Citing issues from work-life balance to lack of clear expectations, pay and benefits, and career development, thousands of accountants and auditors have left the field in just over two years, despite heavy demand for our services. And the number of interested college students cannot keep up.
I am among those who have staunchly advocated strategic pruning as a way to meet the needs of deserving, productive clients in view of serious HR challenges. The notion of a sacrosanct client list that can never be touched has outlived its value. My recommendation is mindful, ongoing pruning that targets your least profitable and/or least strategic service lines and industries. Culling the client list is one tactic in a portfolio that may also include increased pricing, offshoring, processing centers and technology.
Land and expand
When presented with this recommendation, my clients often express concern that pruning runs counter to the goal of driving the top line. Why cut, they wonder, when compensation will be impacted, and when there’s no guarantee of replacing hard-earned revenue?
This is when I sit them down and explain the way to gain the needed confidence to move forward. It’s called the Key Client Program, an approach we used in the business development team at IBM. This initiative is based on the premise that 80% of revenue typically comes from 20% of clients.
The program centers on identifying undiscovered potential from top clients as you weed out those with far less potential. This could lead, for example, to a multi-thousand-dollar opportunity with a favored client that you could not have seen had your path been strewn with one-off-engagement clients, the type for whom you prepare an annual 1040 and nothing else.
A Key Client Program is an institutionalized process. For a midsized firm, for example, a productive cadence could be achieved by devoting one day per quarter to strategically reviewing eight to 10 clients, or about 40 per year. It involves a one-page summary, prepared by the partner leader, laying out the client’s organization chart, brief history, major strategies and relationship dynamics with our firm. What follows is brainstorming around relationship expansion and associated revenue potential. Clients “at risk” are reviewed as well, to enable shoring up the client experience.

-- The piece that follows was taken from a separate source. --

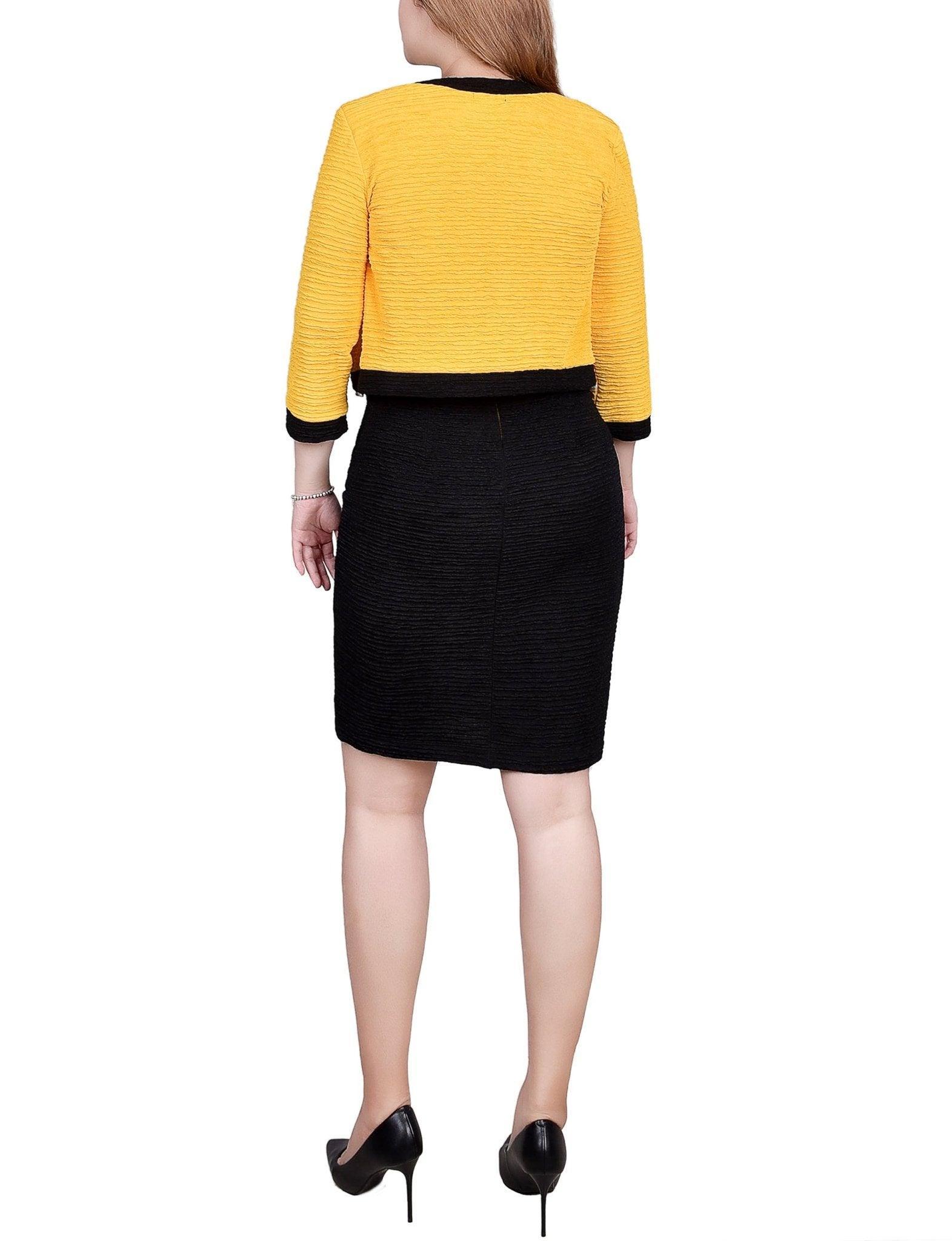 Black Lemon 3/4 Sleeve Textured Knit 2 Piece Dress Set Product Image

I recommend that each key client that is identified has an executive sponsor, who is a firm leader (think CFO, COO or CHRO) not directly involved with the client. This enables you to break through to top C-level people, instead of being stuck with only one advocate and point of view regarding the strategic direction and related needs across the company. It expands the relationship to the entity-to-entity level, a very powerful approach indeed.

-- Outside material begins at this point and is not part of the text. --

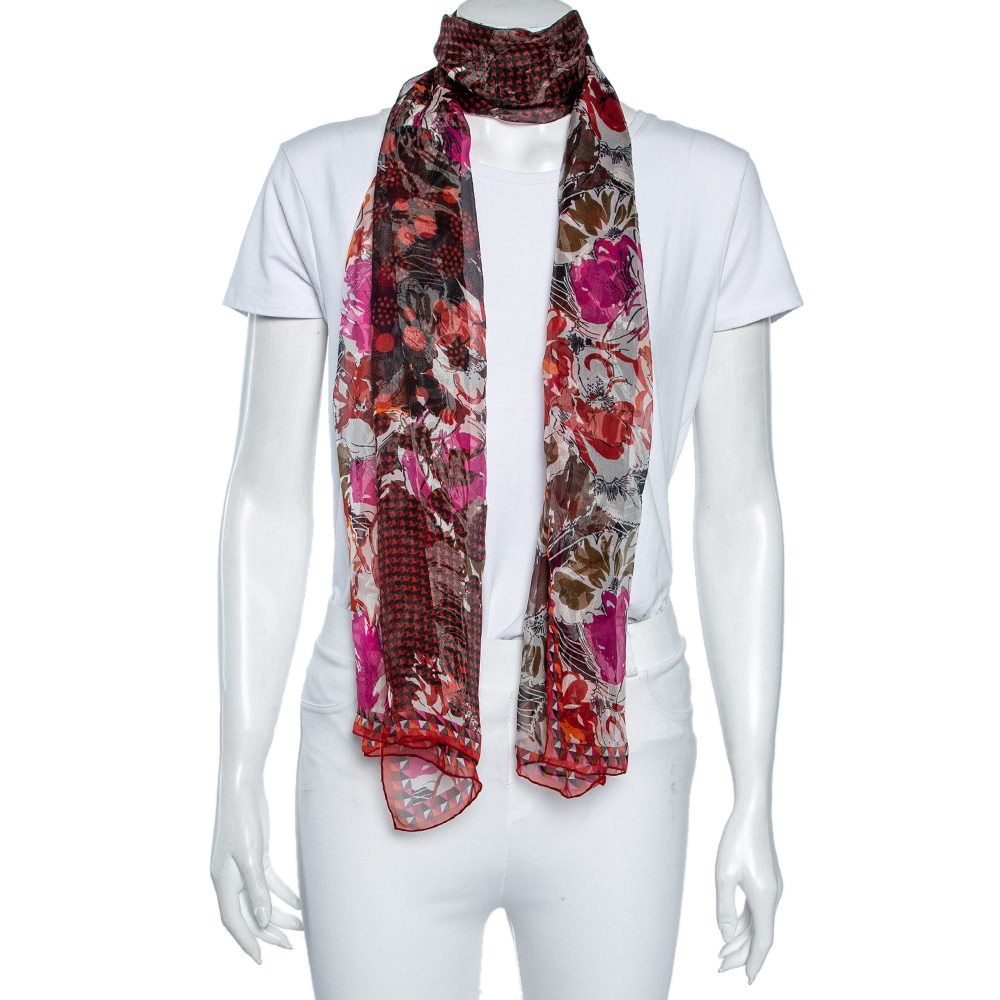 

Kenzo Multicolor Floral Print Silk Scarf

Select a partner leader to run the Key Client Program — one who is especially known for developing their own clients. The starting point is putting a defined fence around this client group, analyzing the revenue and projected year-over-year revenue growth goals from the clients as a group. Then start down the road creating/executing a program for achievement. Some thoughts:
- Executive sponsor: An annual/semiannual visit on the top C-person/people to hear about strategic direction and possible collaboration.
- Exclusive opportunities: Such as advantaged pricing, attendance at special events and participation in early adopter programs.
- Strengthen firm ties: Not only involvement by the executive sponsor, but your industry and advisory services leaders and others. Invite the client to have a session with your staff about issues in their industry. Create an advisory council of two to three clients who are within your industry or service line. Host occasional advisory lunches that draw on their perspectives. Have them present at a partner meeting or a client event.
By the way, this last point was the major reason we won a multimillion-dollar contract in a highly competitive situation, because we discovered the decision-maker was motivated to be a thought leader in his profession and was honored to speak at our client events.
My hydrangea
I’ve written before about my beloved, overgrown hydrangea bush, the one I could never bear to prune — the one my husband continued to notice with its barren condition! For too long, I couldn’t bring myself to trim it back. How could less be more of something I so loved?
Yet once I found the courage to remove the dry, dead growth, the plant began to flourish, soaking up light and moisture where it was needed most, unrestricted by tangled vines and branches. It began to do more than live; it began to thrive. So, too, will your firm rise to the light.
Dare to prune, and dare to invest in a process that will fuel that growth in ways you never imagined.